The motivation to use 32-bits oids is that many
intermediates (often consisting of oid columns) and also the hash tables and
the string offsets (which use the type var_t that follows oid in its width)
become smaller. For those 64-bit users that are interested in reducing memory
consumption, 32-bits oids will likely reduce the MonetDB memory footprint by
20-40%. Especially those who are just running out of space may benefit.
Using 32-bits oids has the effect that only 4G tuples may be
stored in a single (intermediate) table. The vaste majority of database
problems run on a single box (as MonetDB does) have this characteristic.
Regrettably, in the past, an additional resitriction (due to var_t) was that
each individual string column could hold max 4GB as well. Note that MonetDB
does best-effort string de-duplication in a column, so your tring data might be
smaller than you think. By the way, there is no good way to get precise stats
on the physical size of a column, but you can scan for .theap files in the
bat/ directory of your database installation -- those are the string heaps.
So, the change checked in interprets the var_t no longer as
a byte offset, but an index that is multiplied by 8 (GDK_VARSHIFT=3 for
64bits/oid32, zero otherwise -- so then it is a no-op removed by the compiler
even). It also means that strings in the heap are aligned on 8-byte boundaries,
then. Note that strings often are aligned to 4-byte boundaries (32-bits) or 8-byte
boundaries (64-bits) anyway, unless the duplicate elimination really gave up,
which happens if only a very low duplicate locality exists. Also, the string
heaps additionally stored pointers in the heap for the de-duplication
hash-table which could lead to an avg overhead of 4 (half of 8 byte alignment)
+ 8 (pointer) = 12 bytes per string. The change also improves the non
GDK_VARSHIFT compilation mods in reducing this overhead to 2 bytes only. For
64-bits/oid32, the overhead is 2+4, due to the forced alignment.
So, in general, string storage got more compact across
the board (the effect will depend on your string distribution), notehowever
that for 32/32 and 64/64 the binary BAT format has *NOT* changed. No need to
export and re-import.
As for my original goal, for 64-bits/oid32 the effect is
that a single column can now contain 32GB of (de-duplicated) string data. That
aligns much better with the 4G tuple limit than the previous 4GB. I made
this change actually mostly because I think oid32 reduces memory consumption,
not even so much the var_t (string) offset width. Still as var_t and oid move
together, I had to do something. As an alternative, we could make var_t
independently configurable (such that we have 32-bits oids and 64-bits var_t).

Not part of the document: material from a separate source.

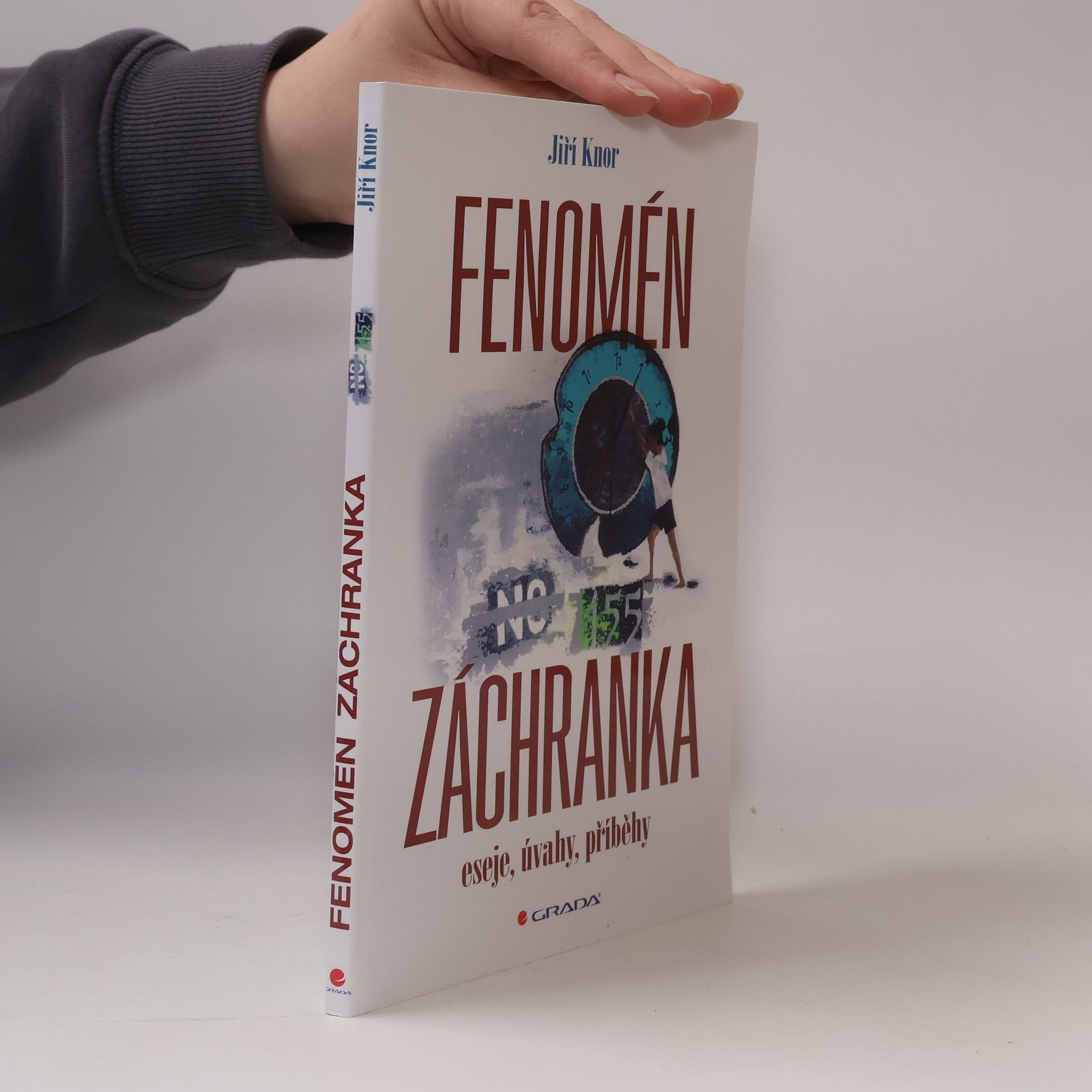 Jiří Knor Fenomén záchranka. Eseje, úvahy, příběhy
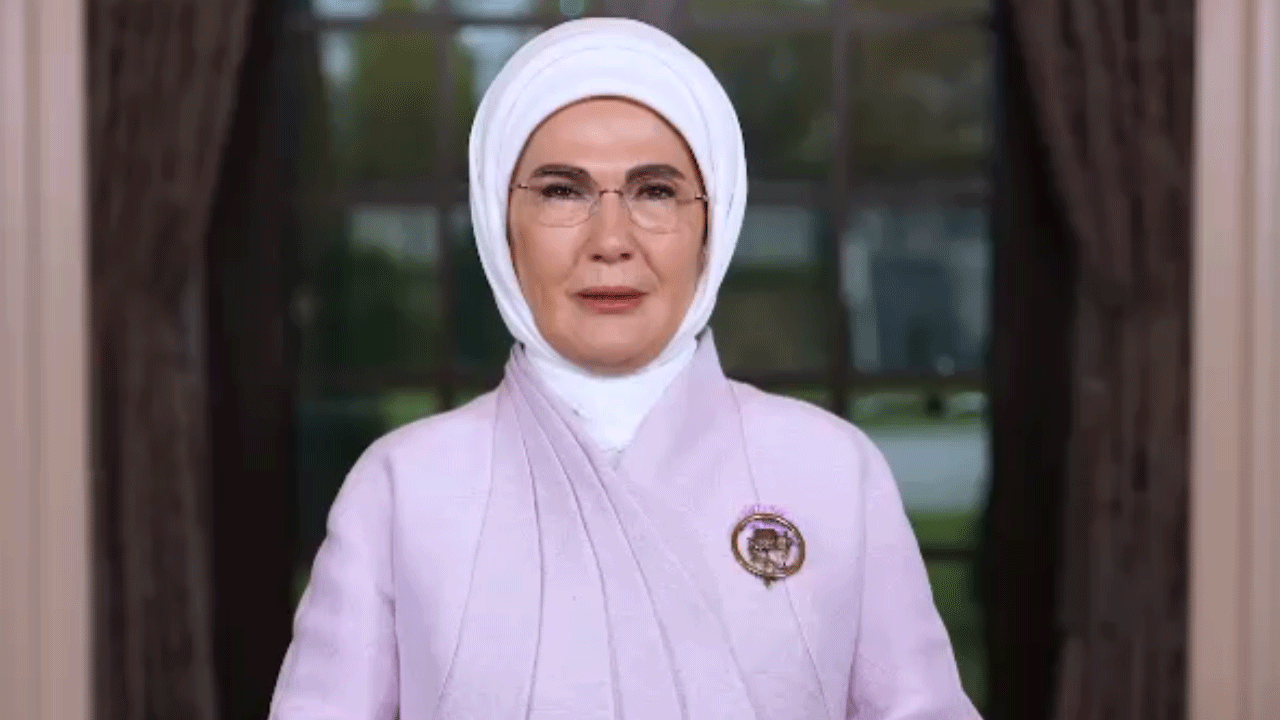 Emine Erdoğan: Hepimizin ortak gayreti bu olmalı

This still remains an option for the future. Another potential option for the
future is to set the string alignment on a bat-for-bat (per-column) basis. This
is also feasible, but would require more API changes.
A final point of attention is the stability/fallout of this
change. I have tried to be complete -- my changes span all our CVS
repositories. However, I did not that in general the support for 64-bits/oid32
is not as perfect as it should be, as evidenced by the TestWeb. Strinking
examples are queries in the src/benchmarks/ATIS (especially the simple join
query seems easy to debug), and TPC-H. But in general the 64/32 column shows
more red than other compilation settings. I think t=it is an interesting
setting, we have used it consistently for our XMark XQuery benchmarking, and I
think it also serves well for TPC-H (up to SF300) and e.g. the open streetmap
data. Therefore, I think it would be worthwhile if some of these long standing
M5/SQL issues that are specific to 64/32 would be fixed.
thanks for your attention,
Peter